15 April 2008


Today we catch up on a variety of posts from the past few days, so buckle in.

Youngstown Renaissance covers a panel discussion with Korean journalists at City Hall:
But what was being suggested, again, was that the media was manufacturing this false working-class representation of our city, when in reality YSU's Center for Working-Class Studies went to great pains to work with the Wall Street Journal to arrange the interviews.

We as a region and as a nation won't start addressing our problems until we drop our cynicism about media misrepresentations and face our weaknesses and hard truths. I'm not suggesting we believe everything we read. But let's be realistic about the challenges we have yet to overcome rather than pretending we're all innocence and roses.

Steel Valley Outdoors plugs an upcoming Bass Tournament at Mosquito Reservoir:
On April 19, Head out to the Northern Open Anglers Association Bass Tournament at Mosquito Reservoir, 6:30 a.m.-3 p.m., State Park Ramp. Two-angler teams.
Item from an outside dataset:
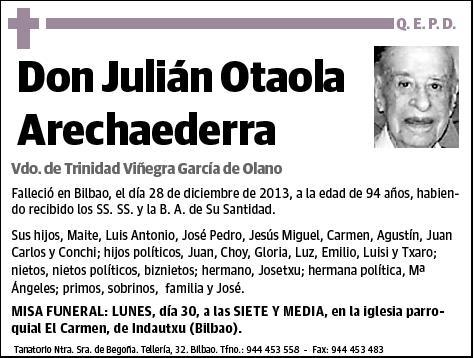 OTAOLA ARECHEDERRA,JULIAN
Shout Youngstown plugs Tim Ryan, though you wouldn't know it from Google:
That lack of macro-perspective and ability to anticipate and assist the future needs of a region is exactly why leadership matters.

The great tragedy of Youngstown's past Congressional leadership was its inability to prepare a region for the future. That's why we as a region are twenty years behind other regions in some matters.

Not that that awesome responsibility should lie in the hands of one person, but the burden of leadership is to take the hard steps to ensure the growth and prosperity of future generations - and not the growth and prosperity of your own wallet and ego. Very little of the personas on local talk radio seem to comprehend this fact.

And, finally, Lincoln Avenue highlights the 30th English Festival at YSU:
Our interview can’t fully convey the behind-the-scenes story of the Festival, but as a member of the English department, I see it all the time. Planning goes on all year. The committee, which includes both YSU faculty and area teachers, meets regularly to select books, identify guest speakers, organize the distribution of materials, plan the Festival schedule, recruit volunteers, and judge contests. While a dozen or so people do all the planning, another cadre of volunteers steps in during Festival week to lead discussions, staff information tables, and run workshops. It’s a time-consuming project, and the organizers commit incredible amounts of time and energy.

Why do all that work, year after year? Because the English Festival makes a difference for so many students in our community. By promoting the value of reading for pleasure as well as for study, by engaging students in creative writing and production of several kinds (essays, songs, videos, and more), and by recognizing the power of young adult literature, the English Festival helps to foster literacy and an appreciation for education among young people in our Valley. It also reminds students that reading and talking about literature can be fun. It all sounds very serious, but playing language games, debating aspects of the Festival books, and listening to visiting writers talk about their work is also a good time.